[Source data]
=======

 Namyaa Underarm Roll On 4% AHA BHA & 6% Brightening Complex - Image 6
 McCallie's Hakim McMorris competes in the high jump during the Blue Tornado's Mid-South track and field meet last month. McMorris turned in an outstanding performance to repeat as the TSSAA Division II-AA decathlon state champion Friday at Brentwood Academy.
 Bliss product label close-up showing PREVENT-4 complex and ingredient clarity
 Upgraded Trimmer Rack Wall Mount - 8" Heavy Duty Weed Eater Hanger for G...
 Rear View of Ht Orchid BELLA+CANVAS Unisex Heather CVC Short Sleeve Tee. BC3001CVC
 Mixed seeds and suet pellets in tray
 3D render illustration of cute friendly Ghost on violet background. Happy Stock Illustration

=======

## Problem requirements
Full repetition needed. Write out every entry above exactly as given.

## Exercise answer
 Namyaa Underarm Roll On 4% AHA BHA & 6% Brightening Complex - Image 6
 McCallie's Hakim McMorris competes in the high jump during the Blue Tornado's Mid-South track and field meet last month. McMorris turned in an outstanding performance to repeat as the TSSAA Division II-AA decathlon state champion Friday at Brentwood Academy.
 Bliss product label close-up showing PREVENT-4 complex and ingredient clarity
 Upgraded Trimmer Rack Wall Mount - 8" Heavy Duty Weed Eater Hanger for G...
 Rear View of Ht Orchid BELLA+CANVAS Unisex Heather CVC Short Sleeve Tee. BC3001CVC
 Mixed seeds and suet pellets in tray
 3D render illustration of cute friendly Ghost on violet background. Happy Stock Illustration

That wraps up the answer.